### COLLECTED DATA:

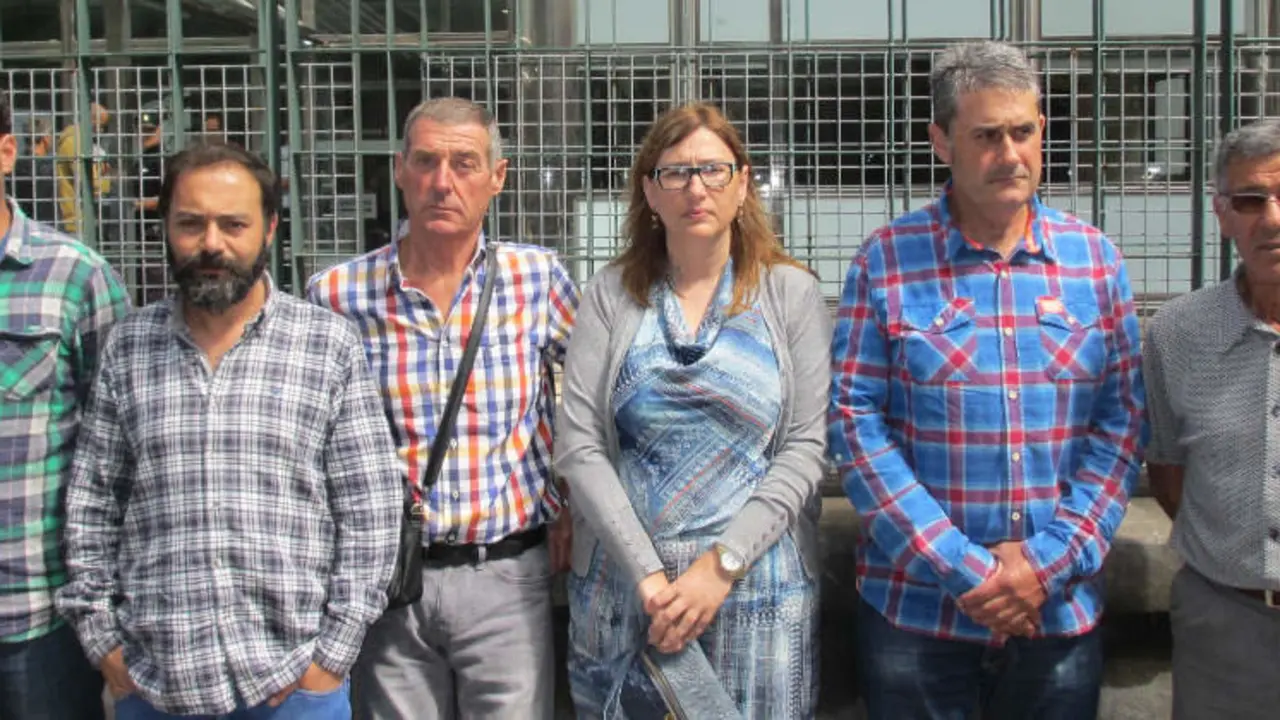 La Asamblea en Defensa de Las Excavadas poco antes de entrar en la reuni&oacute;n con el Presidente de Cantabria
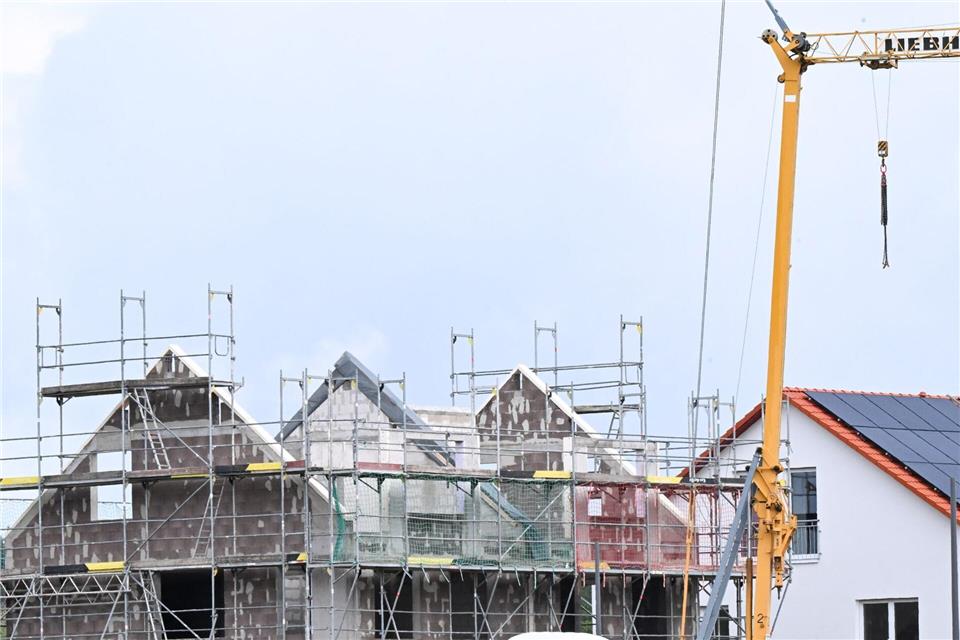 Wieder mehr Wohnungsbau in Thüringen. (Archivbild)  Bernd Weißbrod/dpa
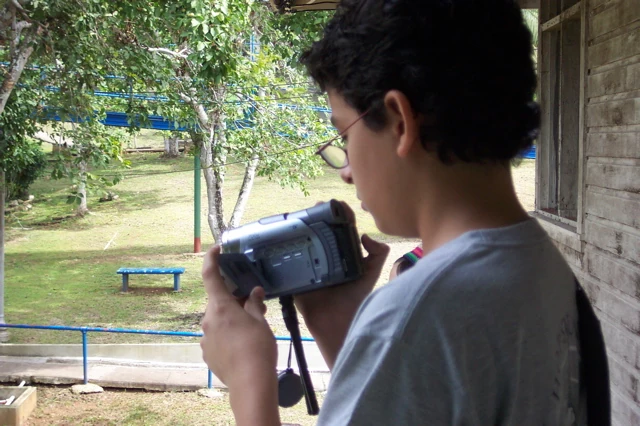 <span class="L en">Tomás Cortés shooting, 2004</span><span class="L es">Tomás Cortés rodando, 2004</span>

### WORK REQUEST:
Retype all the material word for word while skipping any picture it contains.

### TASK SOLUTION:
 La Asamblea en Defensa de Las Excavadas poco antes de entrar en la reuni&oacute;n con el Presidente de Cantabria
 Wieder mehr Wohnungsbau in Thüringen. (Archivbild)  Bernd Weißbrod/dpa
 <span class="L en">Tomás Cortés shooting, 2004</span><span class="L es">Tomás Cortés rodando, 2004</span>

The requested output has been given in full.